While the time allotted to each story often is measured in seconds, the stream of video clips and sound bites that make up a newscast wields tremendous influence on the perceptions of viewers and subsequent public discourse.

It is at this complex intersection of race, communications and community transformation where you'll find the Center for Communications and Community of the UCLA Institute for Social Science Research.
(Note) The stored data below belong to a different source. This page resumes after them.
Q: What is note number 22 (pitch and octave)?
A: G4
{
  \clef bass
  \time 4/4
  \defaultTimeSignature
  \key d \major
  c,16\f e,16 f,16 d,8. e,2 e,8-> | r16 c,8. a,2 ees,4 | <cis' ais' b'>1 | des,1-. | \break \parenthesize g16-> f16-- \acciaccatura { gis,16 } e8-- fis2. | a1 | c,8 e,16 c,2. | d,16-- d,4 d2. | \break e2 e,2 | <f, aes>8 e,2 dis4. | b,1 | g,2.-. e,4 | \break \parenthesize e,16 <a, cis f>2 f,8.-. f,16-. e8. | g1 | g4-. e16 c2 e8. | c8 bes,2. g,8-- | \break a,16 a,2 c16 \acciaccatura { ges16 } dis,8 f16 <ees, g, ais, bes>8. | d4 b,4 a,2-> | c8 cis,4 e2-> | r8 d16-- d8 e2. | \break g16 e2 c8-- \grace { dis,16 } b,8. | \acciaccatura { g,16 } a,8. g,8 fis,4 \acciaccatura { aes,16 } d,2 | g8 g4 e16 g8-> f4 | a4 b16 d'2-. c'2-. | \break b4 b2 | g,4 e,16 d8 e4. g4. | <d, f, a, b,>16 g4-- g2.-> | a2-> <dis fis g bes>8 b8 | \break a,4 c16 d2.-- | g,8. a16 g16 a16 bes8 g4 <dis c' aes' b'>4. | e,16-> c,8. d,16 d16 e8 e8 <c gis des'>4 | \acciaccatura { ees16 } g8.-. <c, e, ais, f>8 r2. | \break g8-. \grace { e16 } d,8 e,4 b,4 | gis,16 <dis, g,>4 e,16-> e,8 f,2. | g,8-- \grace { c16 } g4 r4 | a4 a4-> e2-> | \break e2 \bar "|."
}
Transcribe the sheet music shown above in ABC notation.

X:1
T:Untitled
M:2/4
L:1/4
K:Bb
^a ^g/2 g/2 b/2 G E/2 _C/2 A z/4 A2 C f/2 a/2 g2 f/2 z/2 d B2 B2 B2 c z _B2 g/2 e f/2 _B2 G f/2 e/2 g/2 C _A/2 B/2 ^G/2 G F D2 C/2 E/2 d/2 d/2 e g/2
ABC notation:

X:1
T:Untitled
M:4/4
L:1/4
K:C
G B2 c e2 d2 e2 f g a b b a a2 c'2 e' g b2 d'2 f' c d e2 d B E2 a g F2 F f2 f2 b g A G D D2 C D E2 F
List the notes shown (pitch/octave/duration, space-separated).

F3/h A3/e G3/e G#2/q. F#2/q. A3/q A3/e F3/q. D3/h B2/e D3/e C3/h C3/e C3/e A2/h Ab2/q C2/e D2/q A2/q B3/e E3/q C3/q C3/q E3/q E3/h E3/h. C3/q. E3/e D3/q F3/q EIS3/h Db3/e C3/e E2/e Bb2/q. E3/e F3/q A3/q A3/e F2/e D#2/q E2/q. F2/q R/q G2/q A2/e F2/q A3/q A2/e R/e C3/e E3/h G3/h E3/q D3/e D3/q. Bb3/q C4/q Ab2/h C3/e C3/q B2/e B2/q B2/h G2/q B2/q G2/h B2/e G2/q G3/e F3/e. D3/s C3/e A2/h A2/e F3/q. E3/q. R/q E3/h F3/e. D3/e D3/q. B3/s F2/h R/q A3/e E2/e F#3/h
"A growing body of research shows that media-driven stereotypes of poor minorities as 'prime suspects,' 'superpredators,' or 'welfare queens' have a disturbingly corrosive effect on public will. Racial imagery in the news, therefore, has a direct bearing on rebuilding activities in urban neighborhoods," said Franklin D. Gilliam Jr., a UCLA political science professor and director of the center.

"The challenge for community advocates is to empower community-based organizations to effectively interpret news stories, engage in public policy and fundamentally alter the shape and scope of public policy," he said. "At the same time, media institutions must also be encouraged to become sensitive to the power of racial and ethnic imagery in the news."

Seeking to promote balanced news coverage that mitigates racial stereotypes and creates a suitable environment for social change, the center organizes workshops and conducts original research designed to forge partnerships and foster understanding among the media, community-based organizations, policy-makers and academic researchers. The center, which began operations early in 1999, conducted its first workshop last Nov. 11-13 on the UCLA campus.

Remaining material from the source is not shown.